Strengths and weaknesses

While an obvious weakness concerns the number of datasets included, in this study, we did not cover all types of clinical questions, and our findings are mainly based on intervention types of questions. On the other hand, a strength of this study is that we evaluated the daily practice of guideline development using real-world data from previously developed guidelines. While studies are reporting on tools implementing active learning in systematic reviews, there is little evidence of implementing such tools in daily practice [36,37,38]. Our “real world” data provided us with new challenges not seen before because it is frequently tested in research settings without going back to the initial screeners, leaving out more pragmatic and human-interest choices that influence literature screening.

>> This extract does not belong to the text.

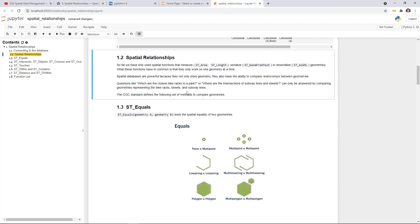This example is about analyzing the spatial relationship between geometries. The geometries depend on the type — we talked about point, linestring, and polygon. Those geometries can have properties; for example, for polygon you have ST_Area to calculate the area, and if it is a line you can use ST_Length to calculate the length. For this video we are going to talk about spatial relationships. Some common questions people might ask are: what is the closest bike or park? Or what's the intersection of subway lines and streets? These are things you can answer using spatial relationships.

This type of practice-based study has shown potential ways to use and improve current practice. In our sample, active learning detected the most relevant studies with a significant reduction in the number of abstracts that needed to be screened. The system performed better when the inclusion and exclusion criteria were adhered to more strictly. The findings brought us to look at the workflow needing more attention to guide the clinicians in the systematic selection of papers. This is beneficial not only when using software like ASReview, where the principle of “quality in, quality out” seems to apply, but also when using the manual selection of papers. After abstract screening, almost half of the inclusions were incorrect, which is higher than the error rates reported in systematic reviews, with a mean error rate of nearly 11% over 25 systematic reviews [34]. Methods to improve literature selection have been described [39, 40] and include recommendations to include reflection and group discussion, resulting in a more iterative process, practical tips like taking regular breaks and coding in small batches at a time to prevent fatigue, but also setting up unambiguous inclusion criteria and adjusting the codebook during the process if needed. While the inclusion of two independent reviewers is often assumed to be the best way to reduce bias, these authors also advise regularly assessing interrater reliability as part of reflective and learning practice.

We also defined some remaining questions for future research. As described above, in guideline development, research questions do not always yield prior inclusion papers, while the performance of active learning partially depends on at least one relevant starting paper to learn from. A possible solution that needs to be explored might be to start with a dummy abstract containing all relevant elements from the PICO. At the same time, we need more samples of research questions in clinical guidelines to further evaluate the use of AI tools in different questions and contexts. In this study, we evaluated a limited set of retrospective data using one active learning algorithm, and future studies could explore more datasets, different active learning algorithms, or different tools in different phases of the process of guideline development to evaluate further the human–machine interaction and how this affects the process of guideline development.

Conclusions

This study shows a 50–75% reduction in abstracts that needed to be screened to find and select all relevant literature for inclusion in medical guidelines when using active learning models. At the same time, this study also shows the importance of the quality of the human input as it directly relates to the performance of active machine learning. The next step would be to evaluate how to apply active learning in the workflow of guideline development, how to improve human input, and what it means for both the timeframe to develop new recommendations and the transparency and quality of these evidence-based recommendations.

AI statement

During the research and the creation of this research paper, AI-based tools like Grammarly, for grammar and language mechanics and OpenAI’s ChatGPT, for code creation and content review, were utilized. These were supplementary aids, and all final interpretations and content decisions were the sole responsibility of the authors.